● What you need to do
Report each line of the data that has "anterior" somewhere in it.

● Record set
****************

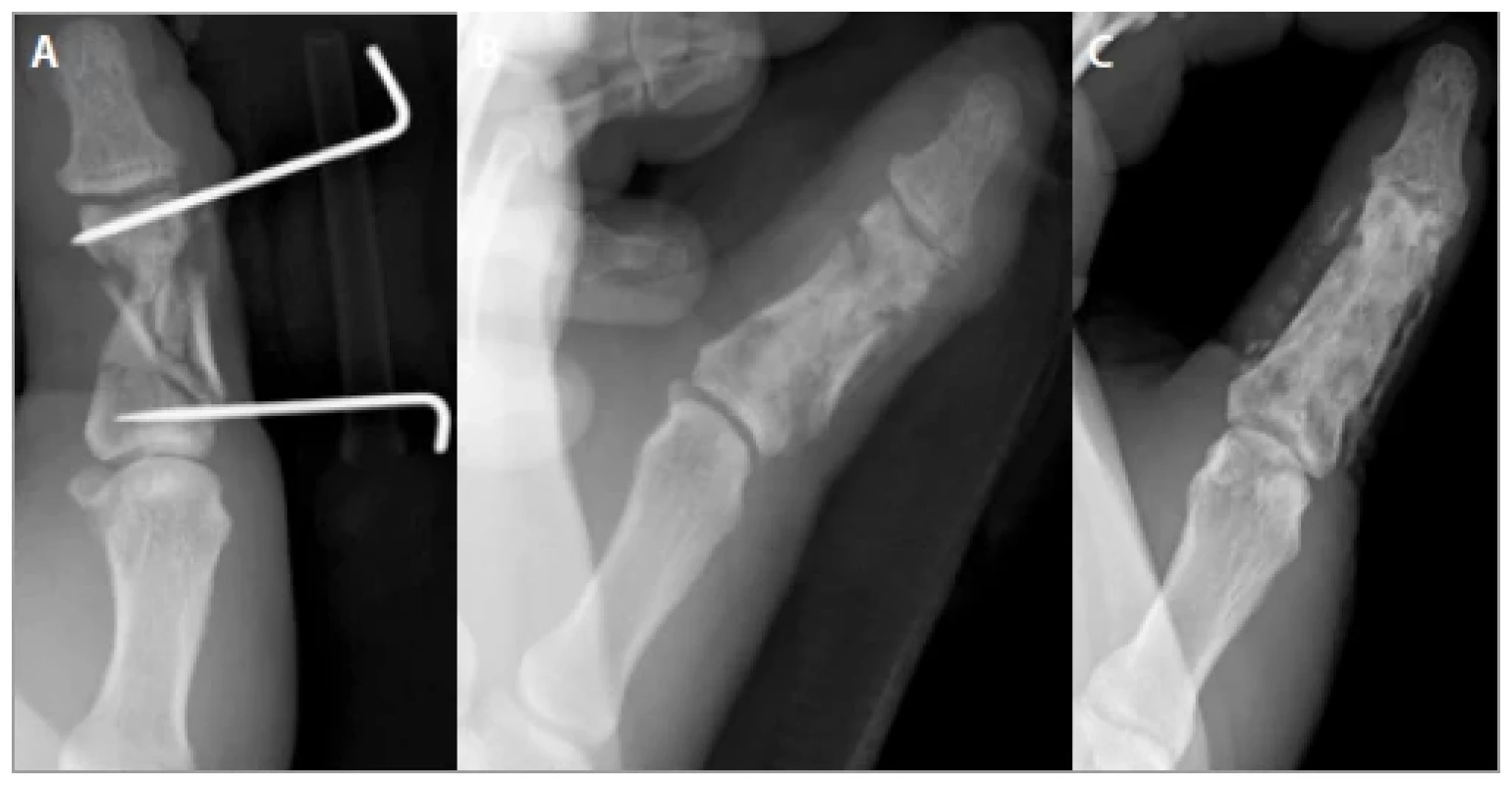 Radiographic evaluation (case 2).  <br> 
A) Preoperative X-ray (posterior-anterior
view), note the malalignment; B) postoperative X-ray (posterior-anterior view), note
the restoration of the anatomical axis; C) postoperative X-ray (posterior-anterior view)
at a 5-year follow-up.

****************

● Solution
A) Preoperative X-ray (posterior-anterior
view), note the malalignment; B) postoperative X-ray (posterior-anterior view), note
the restoration of the anatomical axis; C) postoperative X-ray (posterior-anterior view)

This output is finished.